Building a Rain Predictor. Followup experiments.

The index to the articles in this series is found here.

I ran a few more experiments to try tweaks to the network configuration. I defined a measure of how well the network is performing on failed predictions. Essentially, the more the network was confident in a prediction that was incorrect, the larger the penalty. With a few obvious tweaks, I saw no marked improvement. Now, I didn’t run them a dozen times each to get statistics, but the results for all experiments are in a fairly narrow range anyway, I don’t think I’m going to see much improvement with these approaches.

The first experiment was to turn the activation function on the LSTM layer from ReLU to sigmoid. This is a good thing to try in any case, because ReLU is known to cause bad behaviour on recurrent layers, of which this is one. This didn’t result in any clear improvement on the failed-prediction measure.

Next, I switched the LSTM layer to tanh activation. Still no improvement.

Following this, I changed the activation on the synthesis layer from ReLU to Leaky ReLU. This is done by changing its activation to linear and then adding a LeakyReLU() layer above it.
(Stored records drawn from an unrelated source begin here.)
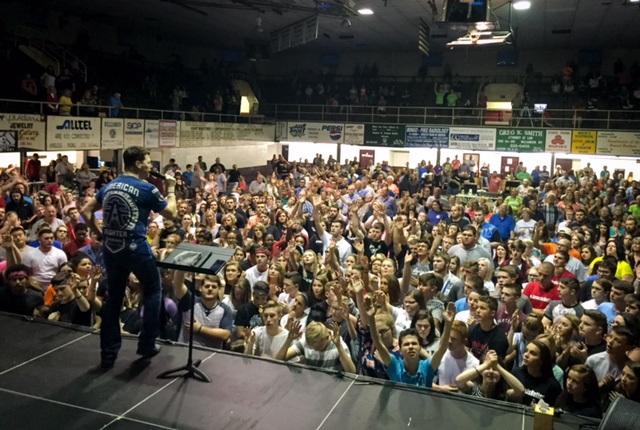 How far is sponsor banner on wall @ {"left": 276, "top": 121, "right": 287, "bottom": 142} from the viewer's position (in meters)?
23.9

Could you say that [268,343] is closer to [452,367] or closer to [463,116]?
[452,367]

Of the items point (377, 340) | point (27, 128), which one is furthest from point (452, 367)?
point (27, 128)

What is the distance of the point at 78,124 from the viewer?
14.2 m

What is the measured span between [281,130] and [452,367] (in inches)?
794

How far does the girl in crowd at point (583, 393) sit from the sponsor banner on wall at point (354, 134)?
1855 cm

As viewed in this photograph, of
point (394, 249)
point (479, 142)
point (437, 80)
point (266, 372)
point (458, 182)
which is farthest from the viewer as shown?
point (437, 80)

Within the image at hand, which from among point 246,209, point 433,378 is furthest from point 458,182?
point 433,378

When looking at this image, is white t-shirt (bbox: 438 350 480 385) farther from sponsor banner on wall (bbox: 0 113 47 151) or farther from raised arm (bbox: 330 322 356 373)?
sponsor banner on wall (bbox: 0 113 47 151)

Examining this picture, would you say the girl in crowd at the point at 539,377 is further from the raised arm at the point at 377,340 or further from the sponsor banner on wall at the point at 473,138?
the sponsor banner on wall at the point at 473,138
Still no improvement.

The last thing I tried was to make the network deeper, and add a second synthesis layer on top of the first. This also did not improve my measure any.

So, I’m going to leave refinement aside for now, and focus on collecting more training data and writing a little graphical widget that can sit on my desktop and give me a quick at-a-glance status of the network’s predictions. I think I’ll find that useful.